What needs to be done: Begin at the line containing "NWT Niven the" and copy exactly through the last line of the listing, skipping every picture.

▼

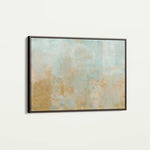 Abstract 266 Canvas Art 60 x 40 cm / Stretched on hidden frame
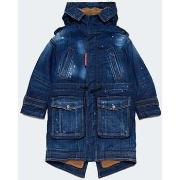 Manteau enfant Dsquared -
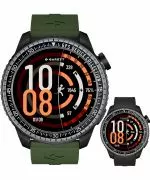 Смарт-Годинник Чоловічий Garett Compass Black SET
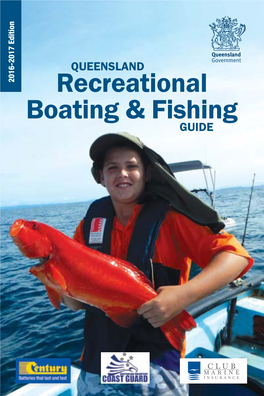 Recreational Boating & Fishing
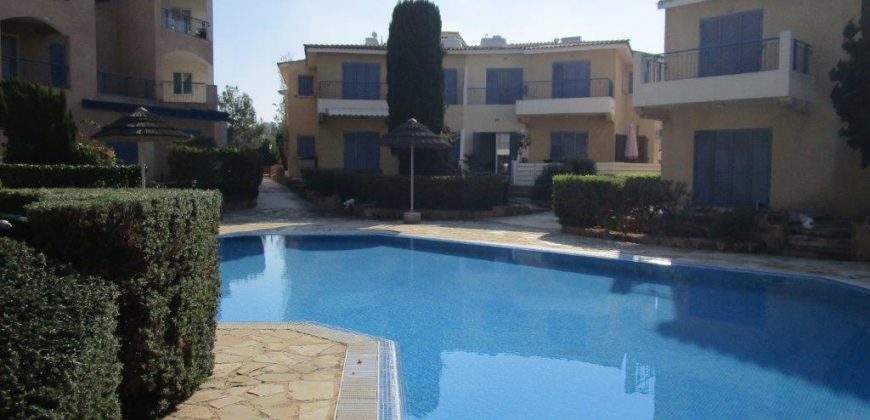 Kato Paphos Tombs of The Kings 2 Bedroom Maisonette For Rent LPTCK1M2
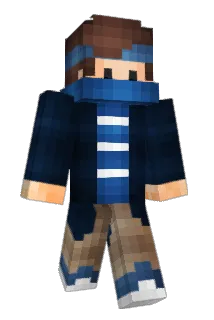 Willszin Minecraft avatar full body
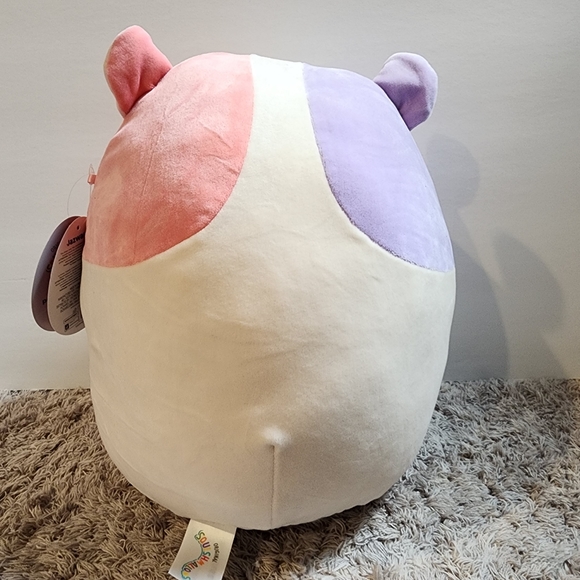 NWT Niven the Hamster 🐹 Squishmallow 11" - Picture 3 of 5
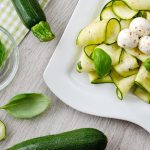Zucchini salad: the recipe for a simple and light summer side dish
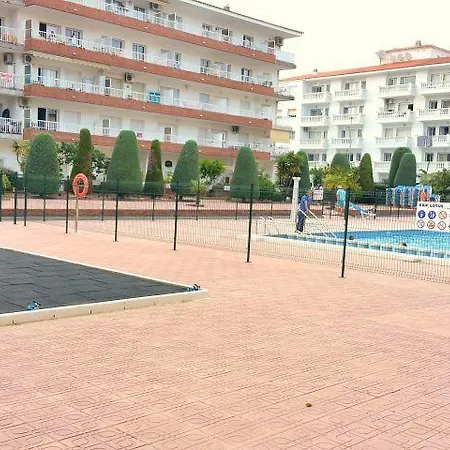 Ref. 163. Apto. Lotus Ii Appartement Blanes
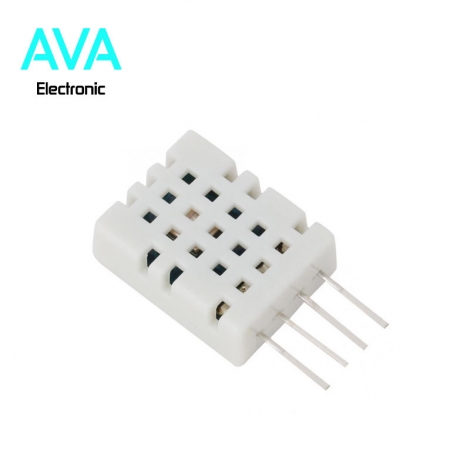 سنسور دما و رطوبت DHT10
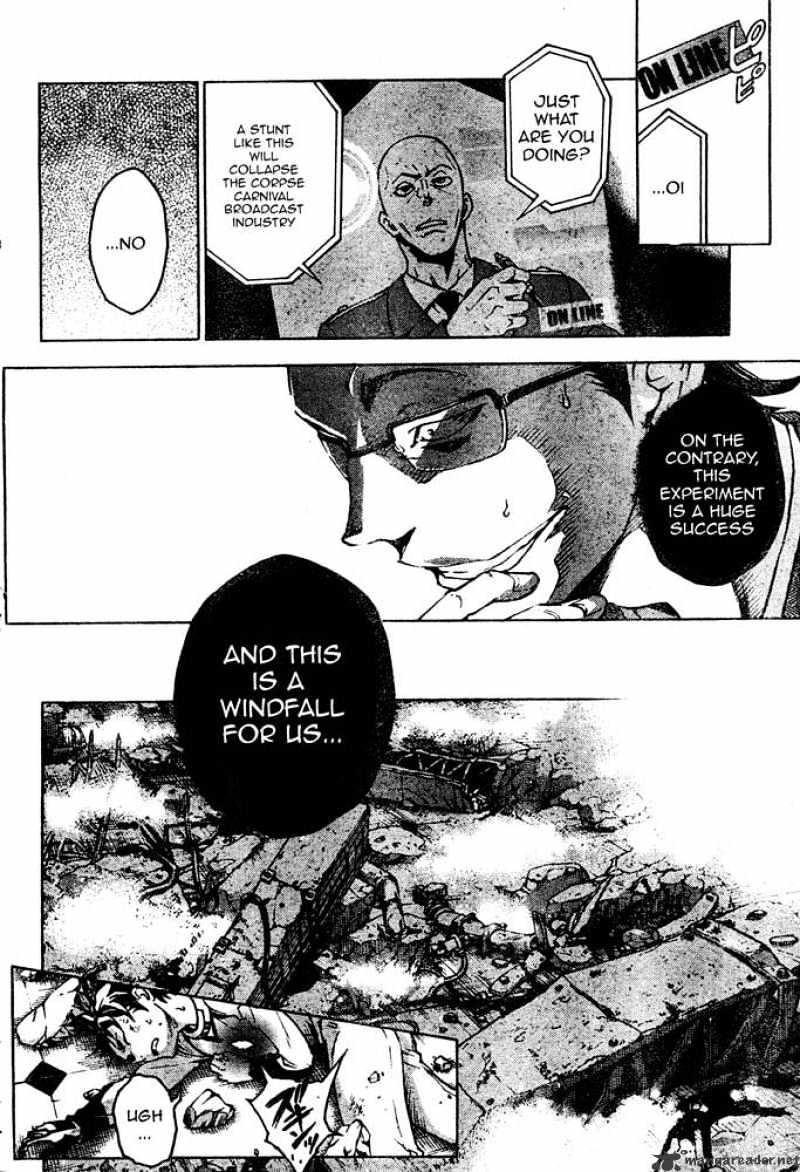 Read Deadman Wonderland en Manga Online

▲

Solution:
 NWT Niven the Hamster 🐹 Squishmallow 11" - Picture 3 of 5
Zucchini salad: the recipe for a simple and light summer side dish
 Ref. 163. Apto. Lotus Ii Appartement Blanes
 سنسور دما و رطوبت DHT10
 Read Deadman Wonderland en Manga Online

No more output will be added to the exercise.